The Story
Why it exists.
The beginning
Jacques Cavallier-Belletrud didn't reach for the usual aquatic cues in 2005. Instead, he went to the Mediterranean itself, its salt-kissed grasses, its mineral shallows, its weathered shoreline. AQVA Pour Homme translates that coast into something wearable, built from Neptune grass and santolina rather than the synthetic marine accords flooding the market at the time. The name says water. The fragrance says something deeper: mineral amber and clary sage as the foundation, anchoring the aquatic freshness in actual earth.

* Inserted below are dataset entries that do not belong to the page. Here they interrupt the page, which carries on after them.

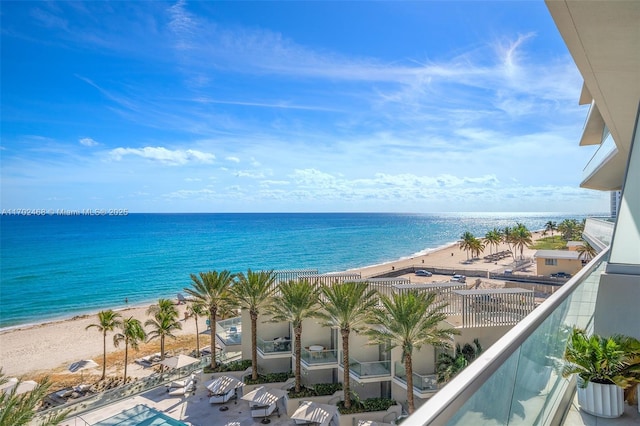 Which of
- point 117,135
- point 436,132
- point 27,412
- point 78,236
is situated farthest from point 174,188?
point 27,412

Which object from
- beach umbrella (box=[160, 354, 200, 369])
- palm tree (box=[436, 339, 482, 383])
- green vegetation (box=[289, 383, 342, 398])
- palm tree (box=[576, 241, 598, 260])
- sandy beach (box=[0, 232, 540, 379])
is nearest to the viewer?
palm tree (box=[436, 339, 482, 383])

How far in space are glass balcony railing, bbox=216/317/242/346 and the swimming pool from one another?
8705 millimetres

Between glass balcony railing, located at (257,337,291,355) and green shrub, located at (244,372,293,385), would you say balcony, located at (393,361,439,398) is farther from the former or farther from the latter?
glass balcony railing, located at (257,337,291,355)

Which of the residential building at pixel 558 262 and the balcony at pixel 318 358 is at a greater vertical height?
the residential building at pixel 558 262

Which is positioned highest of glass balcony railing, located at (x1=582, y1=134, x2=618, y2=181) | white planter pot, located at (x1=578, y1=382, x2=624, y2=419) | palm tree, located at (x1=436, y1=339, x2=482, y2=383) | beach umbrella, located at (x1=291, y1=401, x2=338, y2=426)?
glass balcony railing, located at (x1=582, y1=134, x2=618, y2=181)

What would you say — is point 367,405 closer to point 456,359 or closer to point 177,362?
point 456,359

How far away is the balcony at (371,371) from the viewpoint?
17609mm

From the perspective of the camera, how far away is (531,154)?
45531mm

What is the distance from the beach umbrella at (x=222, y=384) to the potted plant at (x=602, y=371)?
62.2 ft

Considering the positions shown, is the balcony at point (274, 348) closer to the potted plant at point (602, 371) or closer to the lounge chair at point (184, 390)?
the lounge chair at point (184, 390)

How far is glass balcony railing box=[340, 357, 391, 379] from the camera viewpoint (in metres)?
17.7

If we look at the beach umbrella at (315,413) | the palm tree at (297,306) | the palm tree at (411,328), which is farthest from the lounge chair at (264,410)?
the palm tree at (411,328)

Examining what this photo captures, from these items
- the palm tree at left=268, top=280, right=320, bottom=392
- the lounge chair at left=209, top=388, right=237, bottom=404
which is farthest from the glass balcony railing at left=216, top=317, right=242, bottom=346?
the palm tree at left=268, top=280, right=320, bottom=392

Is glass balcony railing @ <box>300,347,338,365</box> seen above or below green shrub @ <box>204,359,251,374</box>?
above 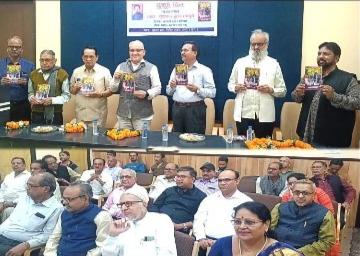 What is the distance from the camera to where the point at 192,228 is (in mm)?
2871

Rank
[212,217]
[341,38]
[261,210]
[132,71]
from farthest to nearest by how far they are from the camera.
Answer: [341,38] → [132,71] → [212,217] → [261,210]

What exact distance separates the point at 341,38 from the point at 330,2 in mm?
383

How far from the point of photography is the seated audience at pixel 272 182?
295 centimetres

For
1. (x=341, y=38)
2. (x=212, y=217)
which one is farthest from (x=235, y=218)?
(x=341, y=38)

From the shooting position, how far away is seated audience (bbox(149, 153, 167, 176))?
10.5ft

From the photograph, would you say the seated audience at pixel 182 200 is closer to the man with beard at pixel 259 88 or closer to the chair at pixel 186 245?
the chair at pixel 186 245

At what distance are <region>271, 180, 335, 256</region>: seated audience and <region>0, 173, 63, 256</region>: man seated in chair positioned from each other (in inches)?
44.8

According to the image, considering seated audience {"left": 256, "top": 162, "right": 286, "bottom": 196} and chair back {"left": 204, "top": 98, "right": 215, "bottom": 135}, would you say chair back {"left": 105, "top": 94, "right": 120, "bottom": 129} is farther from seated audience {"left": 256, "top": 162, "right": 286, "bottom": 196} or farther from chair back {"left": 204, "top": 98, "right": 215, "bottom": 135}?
seated audience {"left": 256, "top": 162, "right": 286, "bottom": 196}

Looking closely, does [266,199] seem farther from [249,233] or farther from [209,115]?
[209,115]

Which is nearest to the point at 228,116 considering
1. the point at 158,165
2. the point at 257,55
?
the point at 257,55

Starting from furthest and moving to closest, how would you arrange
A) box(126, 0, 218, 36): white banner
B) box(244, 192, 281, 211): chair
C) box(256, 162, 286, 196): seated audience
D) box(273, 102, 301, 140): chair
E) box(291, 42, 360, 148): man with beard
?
box(126, 0, 218, 36): white banner
box(273, 102, 301, 140): chair
box(291, 42, 360, 148): man with beard
box(256, 162, 286, 196): seated audience
box(244, 192, 281, 211): chair

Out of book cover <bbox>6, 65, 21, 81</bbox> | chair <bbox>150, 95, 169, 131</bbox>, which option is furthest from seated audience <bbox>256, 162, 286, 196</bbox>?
book cover <bbox>6, 65, 21, 81</bbox>

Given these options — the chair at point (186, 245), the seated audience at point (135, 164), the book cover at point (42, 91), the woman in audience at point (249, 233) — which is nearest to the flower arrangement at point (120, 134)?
the seated audience at point (135, 164)

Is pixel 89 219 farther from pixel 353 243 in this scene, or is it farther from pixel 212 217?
pixel 353 243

The use of Neptune grass sets this apart from the generic aquatics of its era. Rather than relying on synthetic marine molecules, Bvlgari incorporated an actual marine material, Posidonia oceanica, the seagrass that drifts onto Mediterranean shores. Paired with santolina and clary sage, the result is a coastal character that reads as herbal and mineral rather than salty and synthetic. Mineral amber then grounds everything, giving the composition weight that most aquatics sacrifice for brightness.
The evolution
The opening reads bright for the first 30 minutes as mandarin and petitgrain give way to Neptune grass and santolina. That's the heart, 3-4 hours of coastal atmosphere on most skin. Then mineral amber and clary sage arrive. That's the foundation that carries the next 3-4 hours on most skin. On fabric, the mineral notes linger another 1-2 hours after the rest has faded.
Cultural impact
AQVA Pour Homme positioned itself as a refined alternative to mass-market aquatics when it launched in 2005. Rather than chasing the synthetic marine trend of that era, it used mineral amber and clary sage to give depth, appealing to men who wanted aquatic freshness without the shower-gel association.